柳先輩の自己紹介に続き、みょうじのだて眼鏡を掛けながら適当な自己紹介をする仁王先輩。そんな2人に少しだけ驚いた表情をしたみょうじだったが、軽く頭を下げると2年のみょうじなまえですと答えた。

いや、なんだこの状況?
つーか、みょうじは先輩達を知らなかったとかそういう感じ?え、そんな女子いんの?ましてや、あの柳先輩と仁王先輩を知らないとかヤバすぎだろ。

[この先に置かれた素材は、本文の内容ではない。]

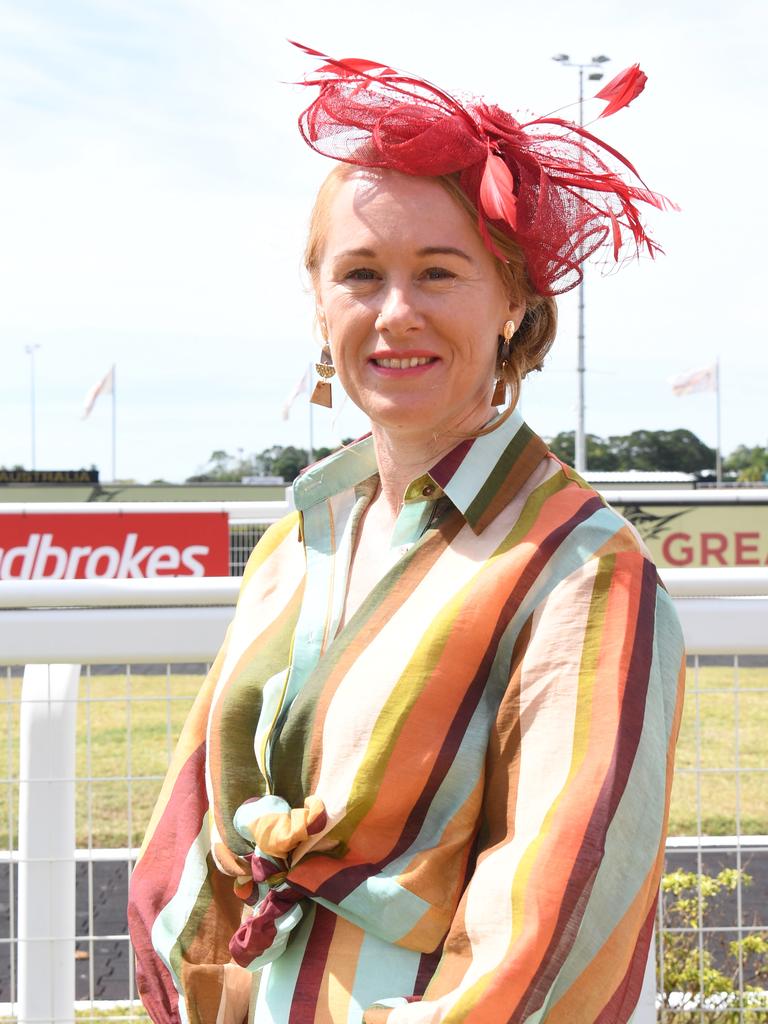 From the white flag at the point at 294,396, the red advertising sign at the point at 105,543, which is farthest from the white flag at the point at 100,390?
the red advertising sign at the point at 105,543

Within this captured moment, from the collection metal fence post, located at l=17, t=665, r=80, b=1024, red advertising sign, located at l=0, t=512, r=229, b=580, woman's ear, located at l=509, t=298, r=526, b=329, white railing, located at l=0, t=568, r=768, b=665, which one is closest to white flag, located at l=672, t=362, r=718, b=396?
red advertising sign, located at l=0, t=512, r=229, b=580

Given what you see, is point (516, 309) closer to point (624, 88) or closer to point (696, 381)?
point (624, 88)

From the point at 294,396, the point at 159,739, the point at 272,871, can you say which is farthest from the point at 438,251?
the point at 294,396

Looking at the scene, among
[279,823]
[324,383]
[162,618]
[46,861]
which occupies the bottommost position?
[46,861]

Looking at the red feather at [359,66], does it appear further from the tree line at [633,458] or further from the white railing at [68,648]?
the tree line at [633,458]

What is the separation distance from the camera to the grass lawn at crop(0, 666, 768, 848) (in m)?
2.23

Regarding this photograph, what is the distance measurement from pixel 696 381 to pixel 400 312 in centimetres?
3442

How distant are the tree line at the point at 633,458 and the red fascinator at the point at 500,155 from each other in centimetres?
3286

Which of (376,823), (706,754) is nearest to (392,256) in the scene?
(376,823)

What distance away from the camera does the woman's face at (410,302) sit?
1352mm

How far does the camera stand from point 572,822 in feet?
3.78

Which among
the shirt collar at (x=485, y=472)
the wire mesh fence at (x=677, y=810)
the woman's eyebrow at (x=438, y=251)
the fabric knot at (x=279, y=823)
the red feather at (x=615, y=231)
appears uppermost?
the red feather at (x=615, y=231)

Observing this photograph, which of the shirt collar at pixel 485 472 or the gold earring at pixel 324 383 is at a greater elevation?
the gold earring at pixel 324 383

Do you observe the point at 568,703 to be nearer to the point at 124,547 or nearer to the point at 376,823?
the point at 376,823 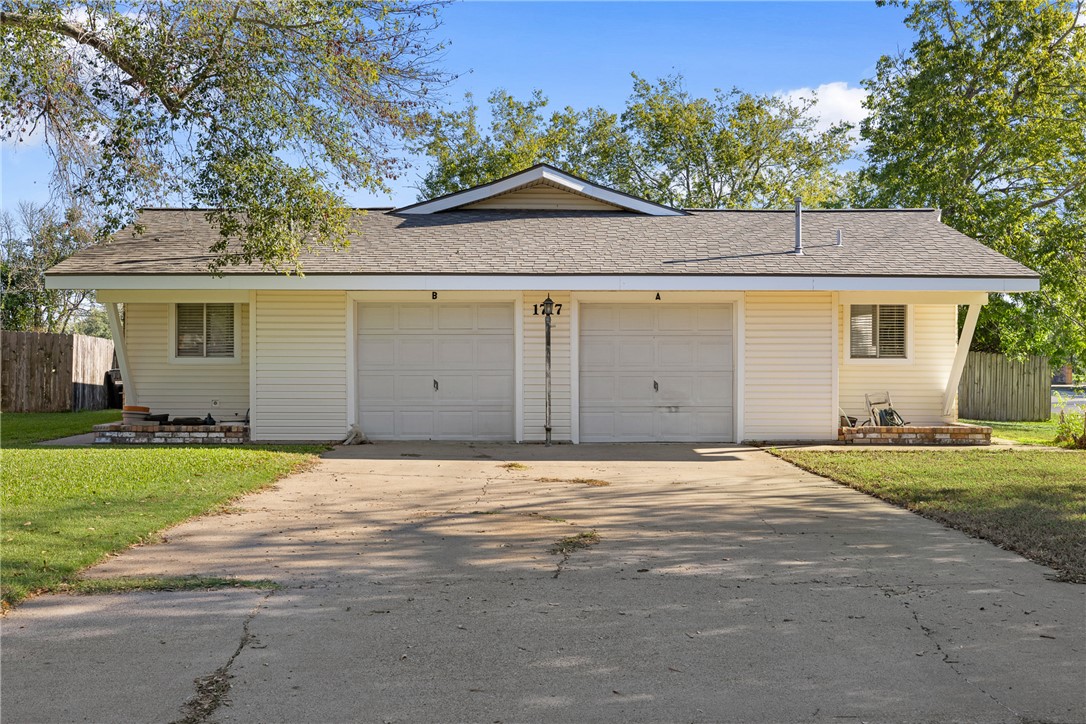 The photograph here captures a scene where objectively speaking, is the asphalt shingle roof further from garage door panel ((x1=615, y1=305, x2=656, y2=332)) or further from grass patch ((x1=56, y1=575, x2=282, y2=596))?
grass patch ((x1=56, y1=575, x2=282, y2=596))

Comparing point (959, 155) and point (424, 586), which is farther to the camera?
point (959, 155)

そんな事を思っていたら、柳先輩が余り長居をさせるのもアレだからなとみょうじに何かあれば連絡してくれて構わないと小さなメモを渡した。



「ん、なら俺のも登録しときんしゃい」

「え、あっ…はい」

「ふっ、そんなに俺等が連絡先を教えるのが不思議か」

「先輩方が騒がれているのは知っているので…」

「なに、お前が俺達の連絡先を横流しする心配がないからだ。信用の証と思ってくれていい」

「え、えぇっ!?ちょ、なにナチュラルに連絡先交換してるんスか!特に仁王先輩!」

「なんじゃ、別にいいじゃろ。減るもんじゃなし」

「減るッスよ!てか、このやり取り前にもやった!!」



いやいやいや!なんで普通に先輩達と連絡先交換してんだよ!てか、柳先輩と仁王先輩が女子に連絡先教えるとかマジで何事だよ!しかも自分からとか!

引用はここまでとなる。